Que ce soit un bouquet de roses ou une fleur cueillie dans le champs à côté, une sortie pour un petit déjeuner en bord de mer, dont elle serait la reine ou une petite tarte faite maison, un dessin par une main juvénile encore hésitante ou un collier artisanal confectionné avec davantage d'amour que de savoir-faire, n'importe quoi fera briller de joie le regard de la mère, ne serait-ce qu'une embrassade et un simple "âychek (que Dieu te garde), maman", surtout quand les aléas de la vie et ses charges font parfois qu'on ne la voit pas assez…

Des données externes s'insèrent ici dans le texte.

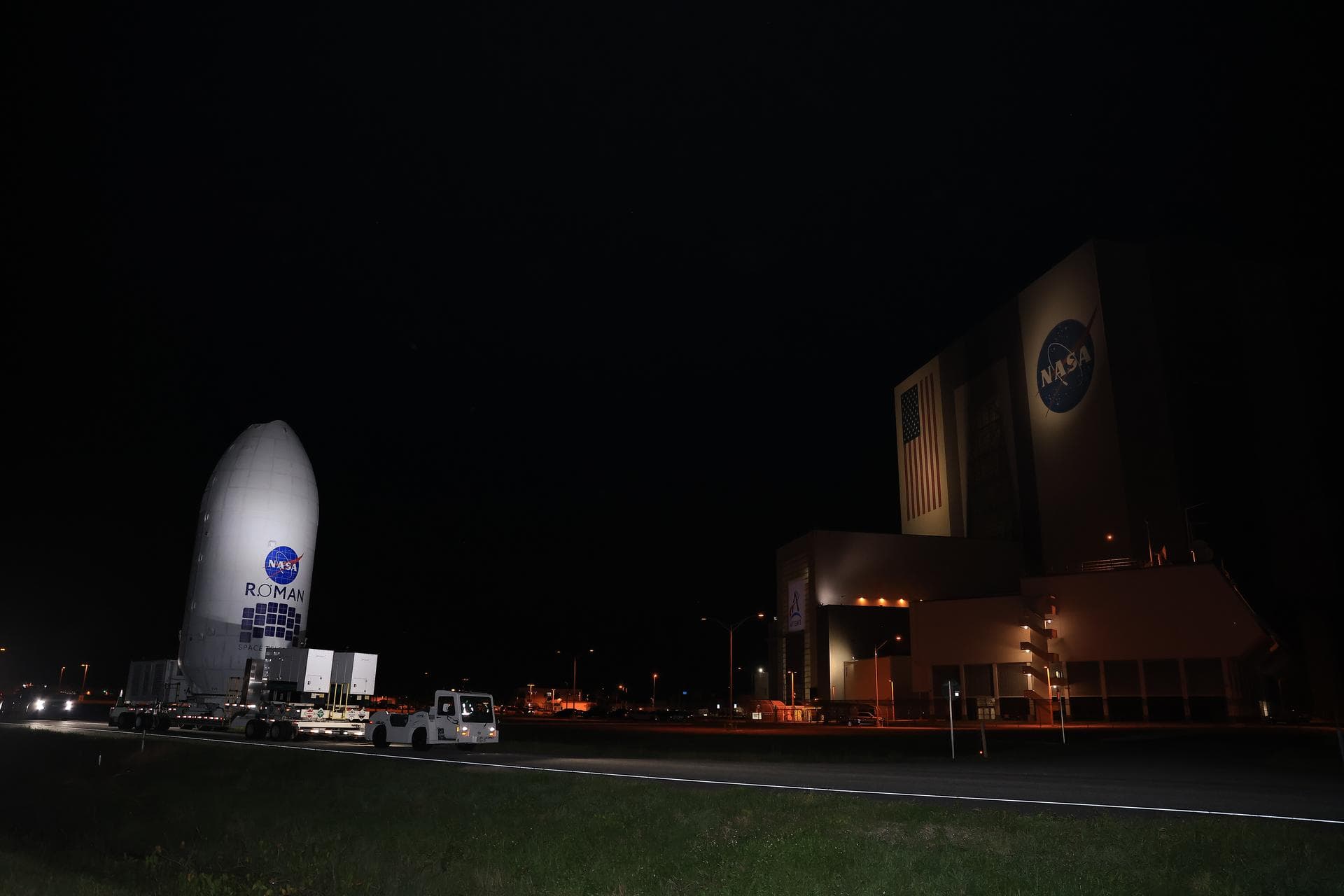NASA’s Nancy Grace Roman Space Telescope, encapsulated in its payload fairing, travels from the Payload Hazardous Servicing Facility to the SpaceX hangar at Launch Complex 39A at NASA’s Kennedy Space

- La pierre angulaire de la société
En ce jour encore, il est opportun de rappeler ce que les mères -celles en devenir aussi- représentent pour la société tunisienne et pour son développement, en plus de leur rôle dans leurs propres familles où les charges domestiques et l'encadrement des enfants leur incombent, dans la quasi-majorité des foyers et ce, quel que soit le métier ou l'activité qu'elles exercent.

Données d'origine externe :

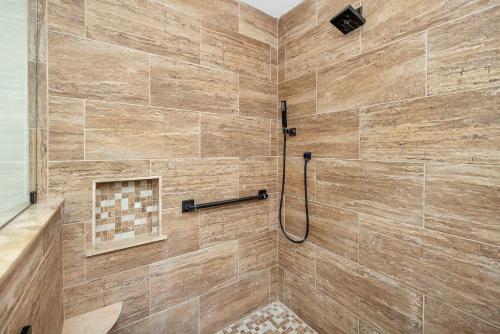 a bathroom with a shower with a tile shower at Privacy Please! in Saint Simons Island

En effet et à titre d'indication, outre sa prédominance dans des secteurs comme le journalisme, l'enseignement primaire et secondaire ou la médecine publique, le gent féminine dont la scolarisation a flirté avec les 100% (99,8), représente 68% des inscrits en études supérieures, 69% des détenteurs de Doctorat, 57% des chercheurs et 66% des diplômés supérieurs en agronomie. Pourtant, dans la vie active, les femmes sont défavorisées par un déséquilibre à l'avantage des hommes.
Dans le secteur public, elles ne sont, par exemple, présentes dans les hauts postes qu'à un taux de 37% et de seulement 31 pour les fonctions à responsabilité. Parmi les directeurs généraux, elles représentent 31% et 30 pour les directeurs. Idem pour les études universitaires où elles sont pourtant dominantes en tant qu'étudiantes, elles ne sont que 20% à être dans la catégorie des professeurs du supérieur, 28 dans celle des maîtres de conférences et 47 parmi les assistants. Par contre, elles représentent 57% du cadre enseignant en médecine.

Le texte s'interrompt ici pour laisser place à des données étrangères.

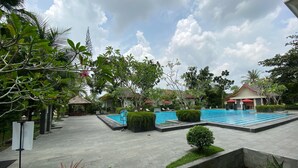 A swimming pool area with a tiled deck, surrounded by greenery and a small water feature. - Grand Zuri Hotel Duri (Mandau)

Dans le domaine de l'entreprenariat, elles ne représentent toujours que 10% au milieu de 90% d'hommes d'affaires. Quant au secteur politique, une régression notable de sa présence est relevée, ces dernières années. Mais malgré ces "anomalies", la mère demeure la colonne vertébrale de la famille et partant, de la société, autant en milieu urbain que rural. Et c'est toujours à elle de tenir le foyer, même si le pénible travail agricole, encore un exemple, est à près de 70% assuré par des femmes.
- Ces mères qui résistent…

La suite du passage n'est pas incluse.